Le mistificazioni politiche e mediatiche sulla questione palestinese a cui stiamo assistendo in Italia non sono un caso né sono circostanze contingenti. Si legano anzi a processi profondi della storia italiana contemporanea ed emergono anche in altre occasioni.
In Sardegna dovremmo saperlo bene. La natura stessa dello stato italiano, così come si è formato e imposto storicamente, ha tratti fortemente oligarchici, anti-popolari, autoritari e colonialisti. Tratti che non sono mai venuti meno, neanche in epoca repubblicana.
Cartina di tornasole è il perdurante fenomeno del colonialismo interno, col suo apparato di narrazioni egemoniche di natura stereotipata, spesso palesemente razzista, verso il Meridione e le isole.
Le relazioni internazionali e il ruolo geo-politico dello stato italiano fanno il resto. L’establishment economico e politico italiano trae vantaggio dai giochi di alleanza opportunistica a cui l’Italia partecipa, non sempre con ruoli marginali.
Il trattamento riservato alla questione palestinese discende dunque non da posizioni teoriche e/o etiche o da valutazioni di natura storica, ma sempre ed esclusivamente da puri calcoli di convenienza. L’appoggio a Israele è incondizionato, a vario livello. Lo vediamo dal plauso dell’intero arco parlamentare alla pulizia etnica e all’attacco militare contro i Palestinesi e lo vediamo dal modo in cui l’informazione mainstream tratta questi temi.

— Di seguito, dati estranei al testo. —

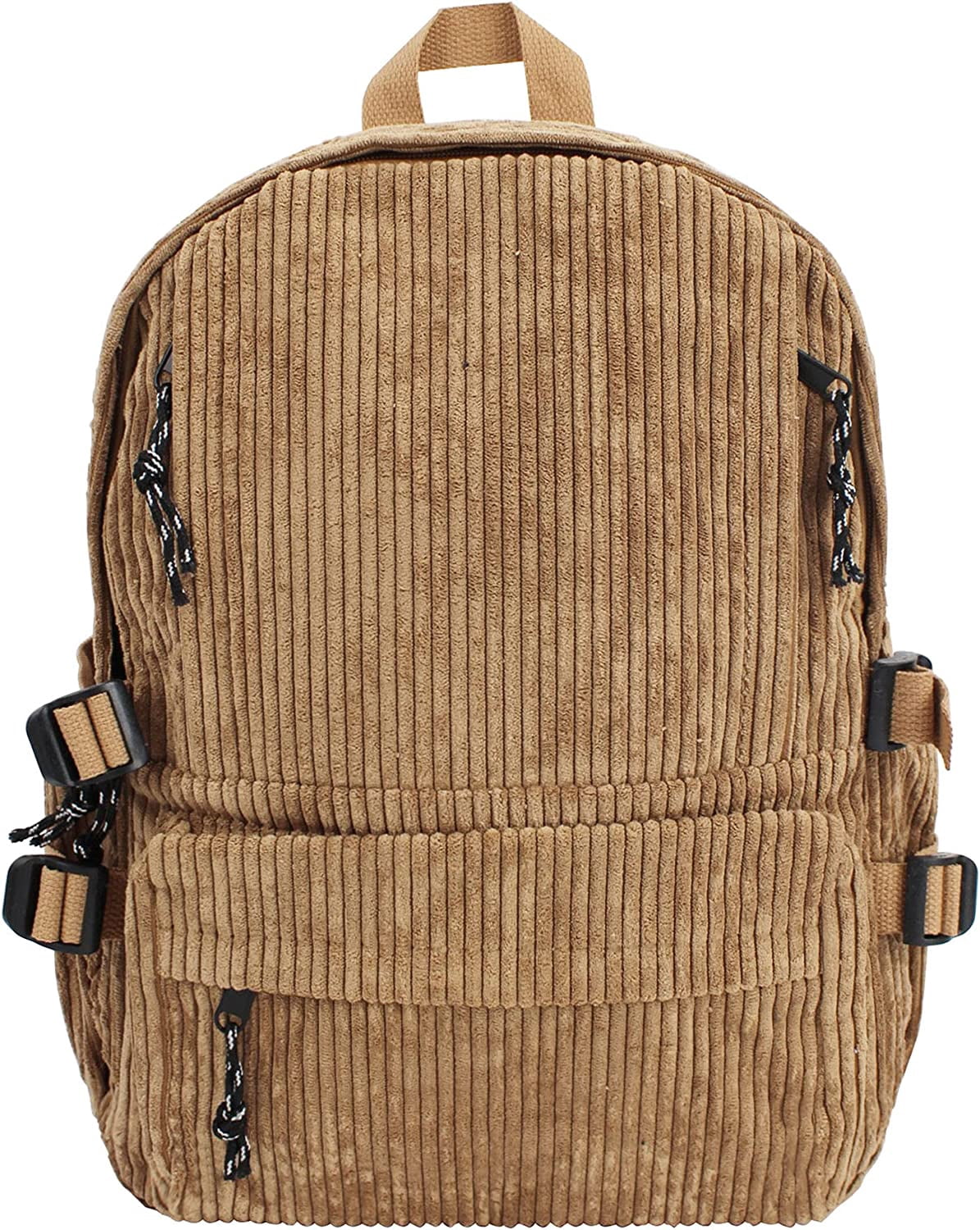 Women Large Stripes Corduroy Backpack Casual Daypack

In Sardegna Israele è una sorta di ospite d’onore nei poligoni militari. È anche un partner di primo piano delle Università specie di quella di Cagliari. Una relazione poco accademica e molto pragmatica, a cui non sono affatto estranei appunto gli interessi militar-industriali, come ampiamente documentato, tra gli altri, dal comitato aForas.
Parteggiare spudoratamente per uno stato colonialista e razzista come Israele non è un problema, se serve a garantire corposi interessi e proficue alleanze. Che ciò avvenga in spregio delle più elementari norme del diritto internazionale e del rispetto dei diritti umani non è un motivo di preoccupazione.
Era Malcom X, se non sbaglio, che ammoniva sull’egemonia di cui dispongono le classi dominanti: vi faranno odiare le vittime e sostenere i carnefici. Nel caso della Palestina questa operazione è in corso da tempo. Sembrano valere poco le analisi più oneste, persino da parte della stampa israeliana democratica (che esiste), o addirittura di esponenti del mondo ebraico internazionale (penso allo storico Ilan Pappe o, in Italia, a Moni Ovadia).
Mi colpisce sempre, tra le altre armi di persuasione delle masse, l’argomentazione secondo cui tutto sommato i Palestinesi meritano di essere rinchiusi nei loro “bantustan”, sottomessi, brutalizzati e, all’occorrenza, bombardati, perché “Hamas lancia razzi contro il territorio israeliano”. (Più precisamente, di solito contro insediamenti illegali di coloni israeliani in territorio palestinese.) Un classico esempio di inversione di causa ed effetto.
La colpa dei Palestinesi, di tutti i Palestinesi in quanto tali, è appunto che siano governati da congreghe di fanatici o di terroristi, come vengono sbrigativamente definiti dai media occidentali (al contrario di altri governi autoritari e violenti, ma amici). Una colpa collettiva, dunque, che addebita all’intera comunità palestinese una situazione di cui essa stessa è prima vittima.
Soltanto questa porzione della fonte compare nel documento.